PROBLEM TO WORK ON: The word "Lightweight" may appear in some lines of the data; copy every such line.
--- DATA FOR THE TASK ---
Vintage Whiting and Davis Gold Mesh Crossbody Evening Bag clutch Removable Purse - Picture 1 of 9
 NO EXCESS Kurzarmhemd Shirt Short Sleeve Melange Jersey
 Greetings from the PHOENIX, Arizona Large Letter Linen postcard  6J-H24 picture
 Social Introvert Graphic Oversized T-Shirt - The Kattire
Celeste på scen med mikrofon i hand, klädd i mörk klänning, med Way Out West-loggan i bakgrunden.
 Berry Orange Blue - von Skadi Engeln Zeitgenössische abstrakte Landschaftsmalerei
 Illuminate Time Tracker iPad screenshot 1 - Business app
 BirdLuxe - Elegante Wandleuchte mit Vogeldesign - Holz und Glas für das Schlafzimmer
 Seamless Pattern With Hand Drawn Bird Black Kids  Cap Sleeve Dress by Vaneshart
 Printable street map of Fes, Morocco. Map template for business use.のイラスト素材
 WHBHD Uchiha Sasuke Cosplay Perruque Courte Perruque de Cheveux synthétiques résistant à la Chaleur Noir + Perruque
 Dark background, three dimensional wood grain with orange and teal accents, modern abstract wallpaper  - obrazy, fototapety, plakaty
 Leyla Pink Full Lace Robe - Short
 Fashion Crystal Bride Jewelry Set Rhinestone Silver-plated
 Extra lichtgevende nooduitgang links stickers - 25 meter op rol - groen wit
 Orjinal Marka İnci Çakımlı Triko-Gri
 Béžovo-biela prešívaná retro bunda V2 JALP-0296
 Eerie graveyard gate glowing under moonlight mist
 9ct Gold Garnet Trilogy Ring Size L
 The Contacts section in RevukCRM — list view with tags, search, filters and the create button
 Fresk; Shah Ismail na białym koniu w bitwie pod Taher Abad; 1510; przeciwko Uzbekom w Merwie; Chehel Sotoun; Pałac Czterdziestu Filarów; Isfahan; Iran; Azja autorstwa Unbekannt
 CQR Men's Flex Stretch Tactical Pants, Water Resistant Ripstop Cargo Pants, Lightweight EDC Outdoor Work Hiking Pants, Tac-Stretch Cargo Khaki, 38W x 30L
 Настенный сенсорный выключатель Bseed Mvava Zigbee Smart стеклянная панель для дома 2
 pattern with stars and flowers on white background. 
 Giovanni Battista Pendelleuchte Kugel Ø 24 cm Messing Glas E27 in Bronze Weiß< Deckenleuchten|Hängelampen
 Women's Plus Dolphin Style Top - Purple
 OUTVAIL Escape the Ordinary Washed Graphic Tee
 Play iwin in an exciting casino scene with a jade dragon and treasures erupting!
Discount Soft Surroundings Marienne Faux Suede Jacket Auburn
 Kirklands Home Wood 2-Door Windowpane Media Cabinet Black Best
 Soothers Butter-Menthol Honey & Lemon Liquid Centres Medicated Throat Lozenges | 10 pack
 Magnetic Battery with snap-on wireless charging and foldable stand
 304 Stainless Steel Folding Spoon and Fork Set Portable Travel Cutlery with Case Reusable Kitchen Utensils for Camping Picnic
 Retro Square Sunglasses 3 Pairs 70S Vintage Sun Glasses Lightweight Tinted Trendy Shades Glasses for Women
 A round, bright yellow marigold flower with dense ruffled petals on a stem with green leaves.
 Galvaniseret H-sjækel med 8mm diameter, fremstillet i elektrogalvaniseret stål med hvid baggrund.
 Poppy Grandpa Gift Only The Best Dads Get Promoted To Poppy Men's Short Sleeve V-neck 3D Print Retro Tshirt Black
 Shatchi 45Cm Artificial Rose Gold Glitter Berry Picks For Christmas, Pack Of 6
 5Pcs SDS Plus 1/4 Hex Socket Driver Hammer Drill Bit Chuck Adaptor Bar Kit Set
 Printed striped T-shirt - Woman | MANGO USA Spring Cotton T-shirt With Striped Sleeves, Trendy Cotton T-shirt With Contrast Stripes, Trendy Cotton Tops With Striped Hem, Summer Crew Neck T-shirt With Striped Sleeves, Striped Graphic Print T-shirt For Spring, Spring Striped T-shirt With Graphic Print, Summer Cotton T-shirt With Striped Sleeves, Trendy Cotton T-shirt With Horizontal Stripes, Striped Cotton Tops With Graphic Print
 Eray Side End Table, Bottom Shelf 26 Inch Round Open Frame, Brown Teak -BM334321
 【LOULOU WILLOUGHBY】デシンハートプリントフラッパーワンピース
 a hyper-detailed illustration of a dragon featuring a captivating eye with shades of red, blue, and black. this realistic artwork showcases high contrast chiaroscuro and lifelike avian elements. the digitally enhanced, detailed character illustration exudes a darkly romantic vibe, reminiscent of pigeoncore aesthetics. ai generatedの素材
---
TASK SOLUTION:
 CQR Men's Flex Stretch Tactical Pants, Water Resistant Ripstop Cargo Pants, Lightweight EDC Outdoor Work Hiking Pants, Tac-Stretch Cargo Khaki, 38W x 30L
 Retro Square Sunglasses 3 Pairs 70S Vintage Sun Glasses Lightweight Tinted Trendy Shades Glasses for Women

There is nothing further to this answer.